START Data for analysis

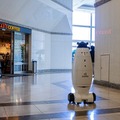 横浜ランドマークタワーで自律移動ロボットが警備業務を担当！三菱地所が各種ロボットの実証実験、SEQSENSEが参画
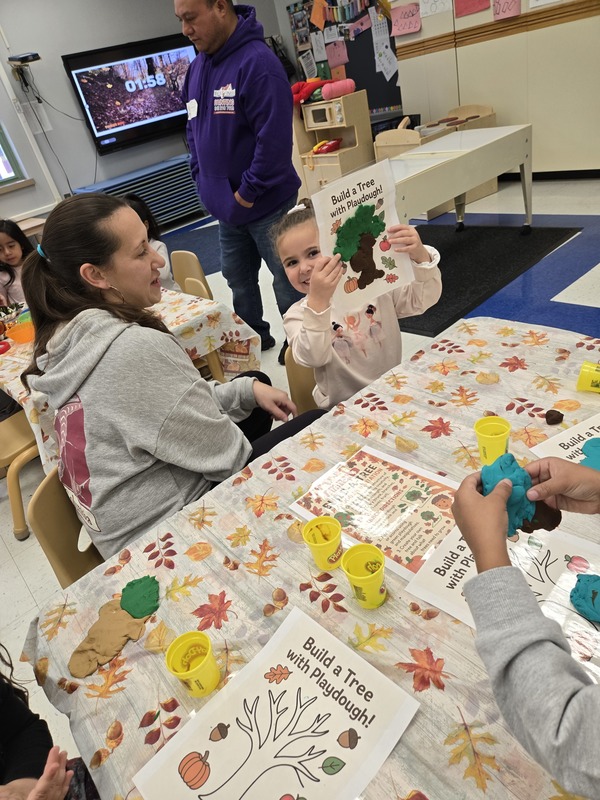 Mrs. Kelly's PreSchool Tree Celebration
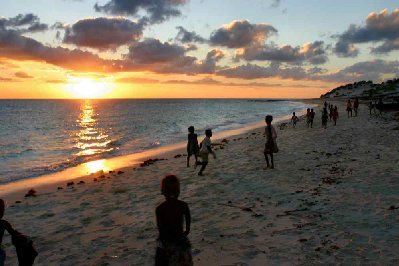 Le soir sur la plage quelquepart au sud de Salary.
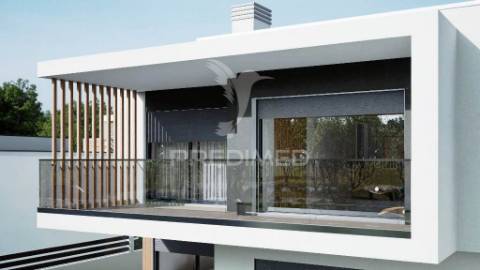 Moradia isolada duplex t3, c/piscina, em fernão ferro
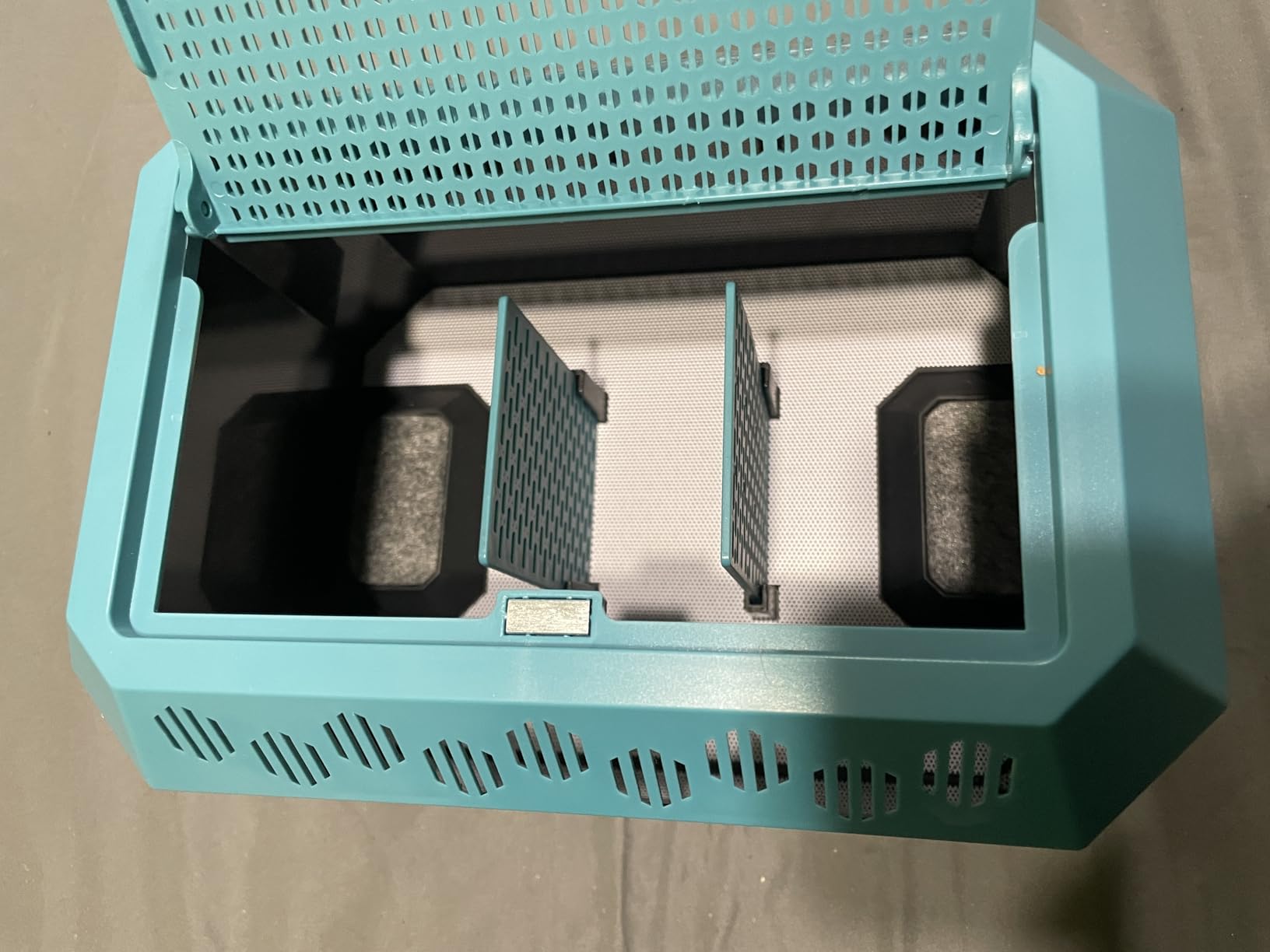 Multi Purpose Insect Habitat for Crickets, Dubia Cockroaches, Breadworms, and Silkworms, with Ventilation and Breathability customer photo 1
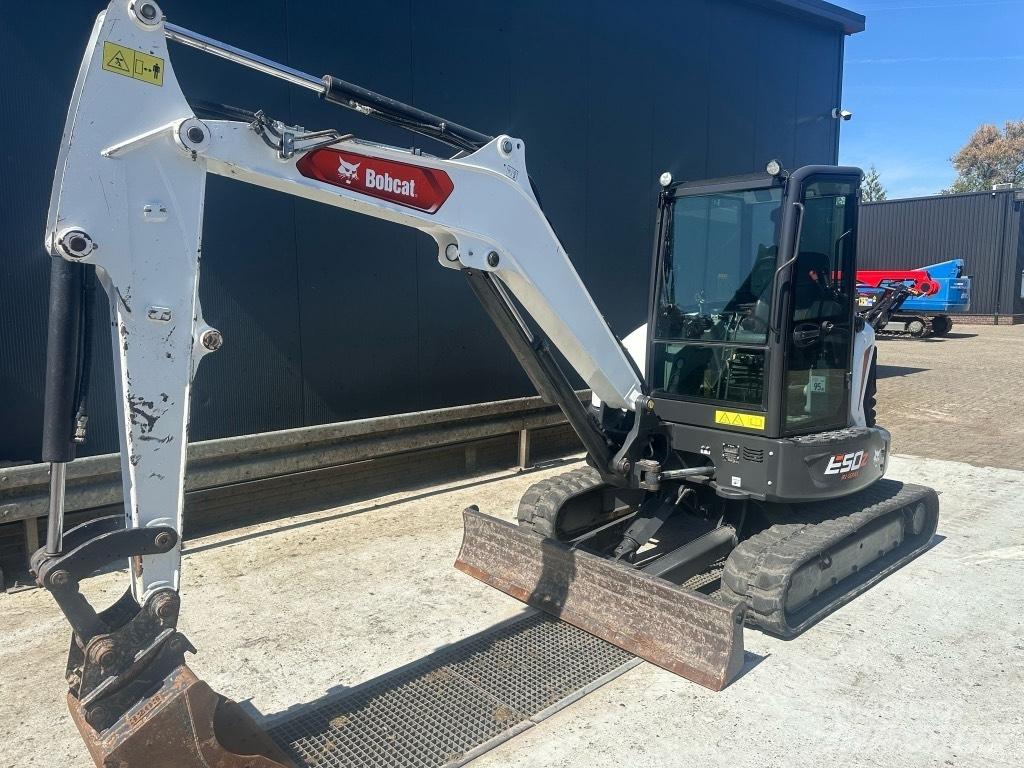 Bobcat E 50 Z ミニ油圧ショベル 7t以下（ミニユンボ・ミニディガー）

END Data for analysis

The line containing "Multi Purpose Insect" marks the end: copy exactly every line from the start of the records up to and including it, leaving out the pictures.

Result of the task:
 横浜ランドマークタワーで自律移動ロボットが警備業務を担当！三菱地所が各種ロボットの実証実験、SEQSENSEが参画
 Mrs. Kelly's PreSchool Tree Celebration
 Le soir sur la plage quelquepart au sud de Salary.
 Moradia isolada duplex t3, c/piscina, em fernão ferro
 Multi Purpose Insect Habitat for Crickets, Dubia Cockroaches, Breadworms, and Silkworms, with Ventilation and Breathability customer photo 1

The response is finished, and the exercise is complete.